Tuesday, November 6, 2018 (American Heart Association) – Traditional risk factors such as obesity, high blood pressure and sedentary lifestyle may not be the only predictors of type 2 diabetes. New research points on the role that can play stress in the development of the disease in women.
The study, presented on November 10 at the scientific American Scientific Association of Cardiology, found that the increase in stress due to traumatic episodes and long-term situations at home or at work was associated with a risk almost twice as much as new types of diabetes type 2 among older women.
"Psychosocial stressors and risk factors for diabetes should be taken as seriously as other diabetes risk factors," said Jonathan Butler, lead researcher and postdoctoral student at the University of California, the Adversity Studies Center and Cardiovascular Disease of San Francisco.
Diabetes is a major public health problem, affecting approximately 30.3 million Americans starting in 2015, according to the latest data from the Centers for Disease Control and Prevention. Among these people, 12 million are over 65 years old.
"As older women increasingly represent a greater proportion of our population, we need to better understand the risk factors for diabetes in this group," said Butler.
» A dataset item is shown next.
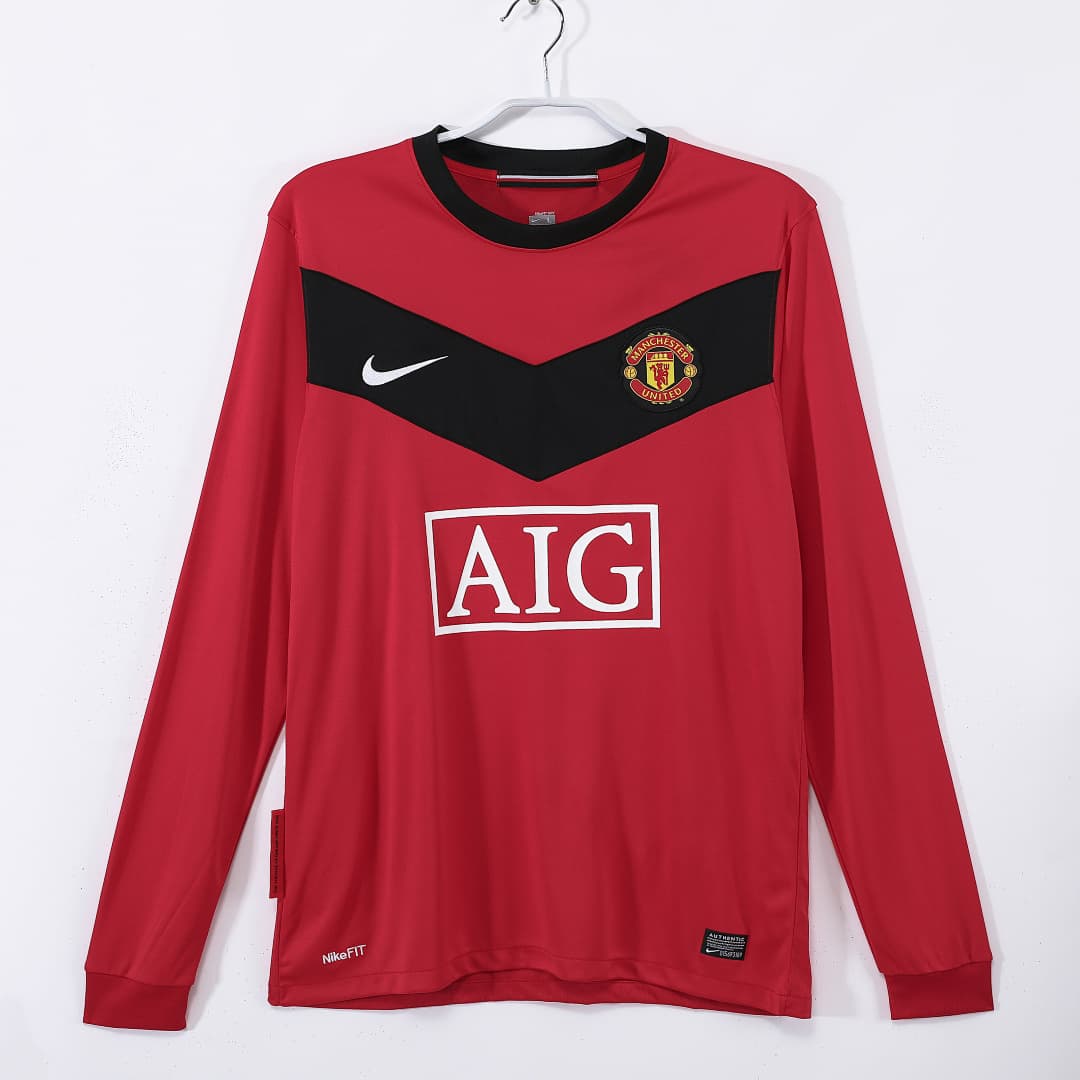 Manchester United Retro Shirt 2010 Home Long Sleeve — photo 1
Diabetes is a chronic disease where the body can not regularly stain blood. Too much blood glucose can lead to a number of health problems, including heart disease, stroke and kidney disease. Although family history and age can play a role, factors such as high cholesterol, high blood pressure, obesity and physical inactivity make people more susceptible to type 2 diabetes.
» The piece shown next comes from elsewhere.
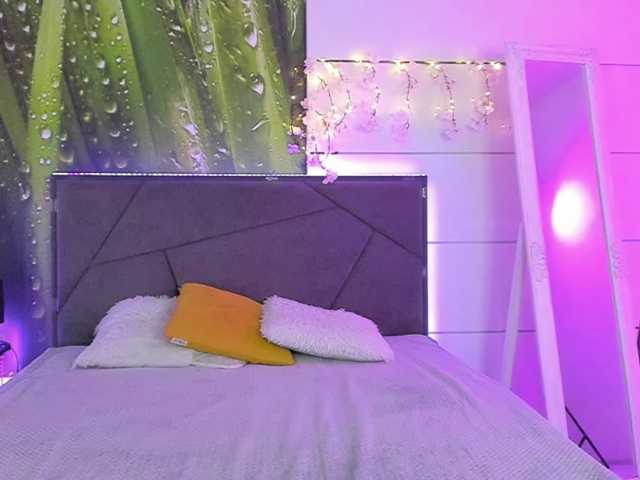 HollyTaillor live cam on BongaCams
However, researchers begin to look beyond physiological risk factors.
"We try to understand the relationship between stress, mental health and diabetes risk for a while," said Dr. Sherita Hill Golden, a professor of medicine at the Johns Hopkins University School of Medicine in Baltimore. Emerging evidence suggests that psychosocial stress and the way people face stress can affect cardiometabolic health.
Previous studies on stress and diabetes focused on individual stressors, such as work or the symptoms of depression or anxiety. Others only watch instantaneously in time. Thus, Butler and his colleagues set out to understand the joint relationship of multiple stressors with diabetes risk among women over time.
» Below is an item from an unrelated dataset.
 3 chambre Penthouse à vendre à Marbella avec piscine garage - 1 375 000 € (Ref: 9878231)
The researchers included data on 22,706 female health professionals who participated in the Women's Health Study that did not have heart disease and whose average age was 72 years. They collected information on acute and chronic stressors and then followed women for an average of three years. Acute stress included negative and traumatic life events, while chronic stress was related to work, family, relationships, finances, the neighborhood, and discrimination.
Women with the highest levels of acute and chronic stress almost doubled the risk of diabetes.
The next steps will be to confirm the results and identify strategies aimed at psychosocial stressors that can reduce the risk of diabetes in older women, Dr. Michelle A. Albert, senior author of the study and professor of medicine at the University of California, San Francisco.
"From a public health perspective, health care providers must investigate psychosocial stressors as part of their diabetes risk assessment," he said.
For now, Golden said the new research highlights the importance of considering the role of non-traditional risk factors, such as stress in the development of diabetes.
"We know lifestyle intervention works for the prevention of diabetes, but this can be a challenge if people experience cumulative stressors, such as losing a job or taking care of a family member, which prevents them from getting involved in healthy behaviors such as exercise, the right to eat or to quit smoking, "she said. "It is important to evaluate and understand the social history of a patient. Maybe they need a referral to a social worker or counselor."